Uma dessas mulheres era a cantora britânica Marianne Faithfull, cuja voz de uísque é uma das mais reconhecíveis no rock. Se você ouvir atentamente os momentos nos quais os personagens usam a Voz, conseguirá distinguir Faithfull, 75, silvando "matem-no!" Essa seleção de elenco se provou mais acertada do que Villeneuve poderia ter imaginado.

Faithfull disse a ele que, na década de 1960, ela fez amizade com Charlotte Rampling, que interpreta a mais temível emissária das Bene Gesserit no filme. "Com 20 e poucos anos, nas ruas de Londres? Elas eram matadoras", disse Villeneuve.

Enquanto o diretor e sua equipe de som contavam histórias, eu mencionei o Oscar. "Duna" foi indicado em 10 categorias. (Mangini e Green dividem sua indicação com Mac Ruth, Doug Hemphill e Ron Bartlett.) Cinco dessas disputas –som, trilha sonora, edição, design de produção e cabelo e maquiagem– terão seus prêmios entregues junto com as das categorias de curtas-metragens, uma hora antes que a cerimônia ao vivo comece, e depois terão imagens incluídas em versões editadas no programa principal.

A implicação é a de que essas disputas interessam menos ao espectador casual, o que Mangini imediatamente provou ser falso ao se inclinar na direção de meu gravador e imitar o ronronar de um gato –um dos diversos sons, entre os quais o de um besouro batendo as asas, que foram mixados para reproduzir o barulho dos aviões ornitópteros de "Duna". "Acho que isso ficaria bem na televisão", ele disse.

Villeneuve concorda. "O som é um dos instrumentos que ainda justificam sair de casa para ir ao cinema". E isso tem lugar importante em seus pensamentos enquanto ele completa o roteiro para a continuação, que levará Paul a impérios sonoros ainda mais estranhos. "A única coisa que posso dizer sobre ‘Duna 2’ é que o som importará tanto quanto a imagem", disse Villeneuve.
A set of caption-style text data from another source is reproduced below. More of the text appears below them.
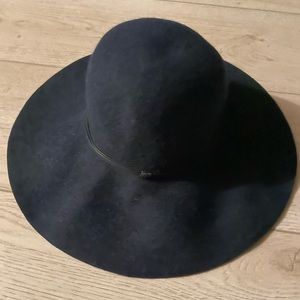 NWT Nordstrom navy blue felt women’s hat.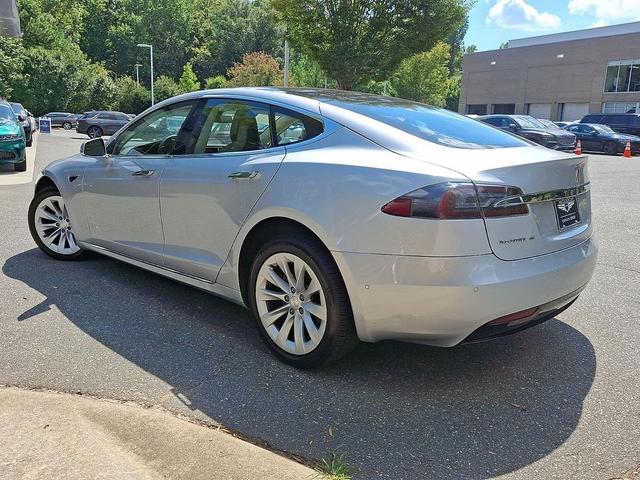 Photo of 2017 Silver Metallic - SSS Tesla Model S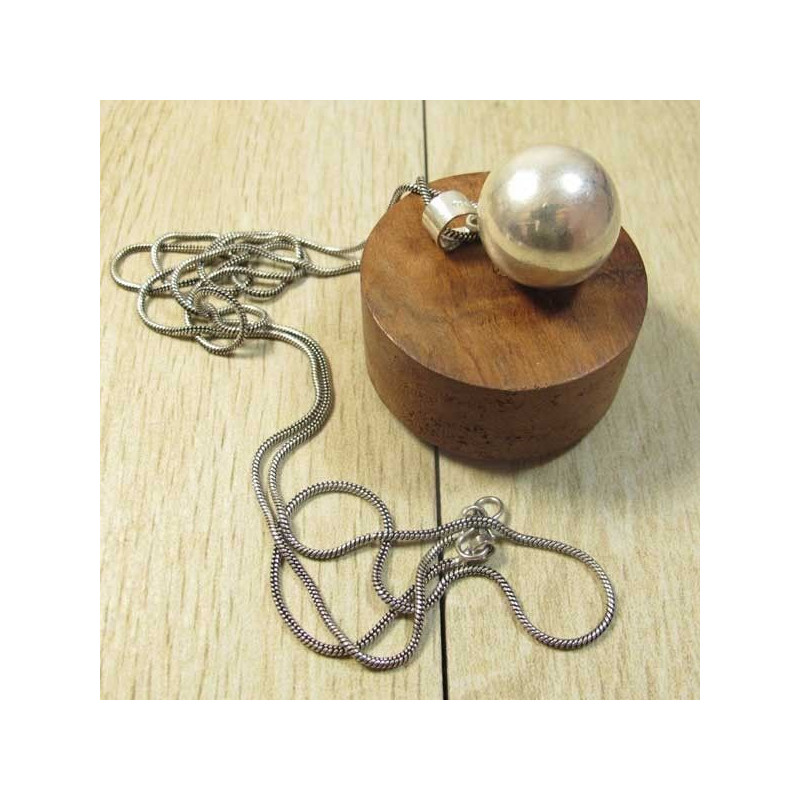 pendentif bola argenté lisse pendentif bola argenté lisse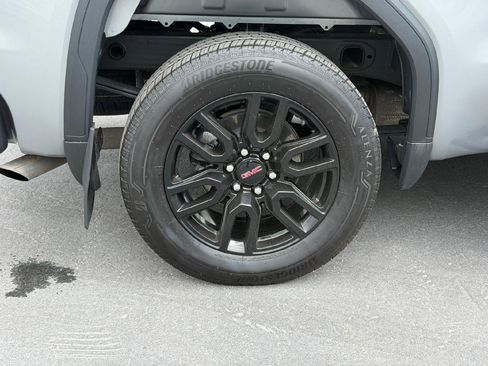 Used 2025 GMC Sierra 1500 Elevation AWD/4WD image 36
Ele se virou para a direita, onde Mangini e Greene estavam recolhendo cuidadosamente o microfone enterrado na areia. Villeneuve me disse que os montes de areia têm uma ressonância especial. "São como um tambor gigantesco, de certa maneira", ele disse. Ao acrescentar a ressonância à trilha sonora psicodélica do filme, surge uma experiência sensorial tangível que, em um caso, trouxe o acréscimo de mais um sentido inesperado.

"Minha filha viu o filme na Suíça em ‘smell-o-rama’ [um sistema de exibição que acrescenta aromas], vocês acreditam?", disse Villeneuve aos editores de som. E qual deve ser o cheiro quando o verme de areia emerge das profundezas do deserto, com a boca terrivelmente aberta? "Não sei", disse Villeneuve, refletindo sobre a questão. "Mau hálito?"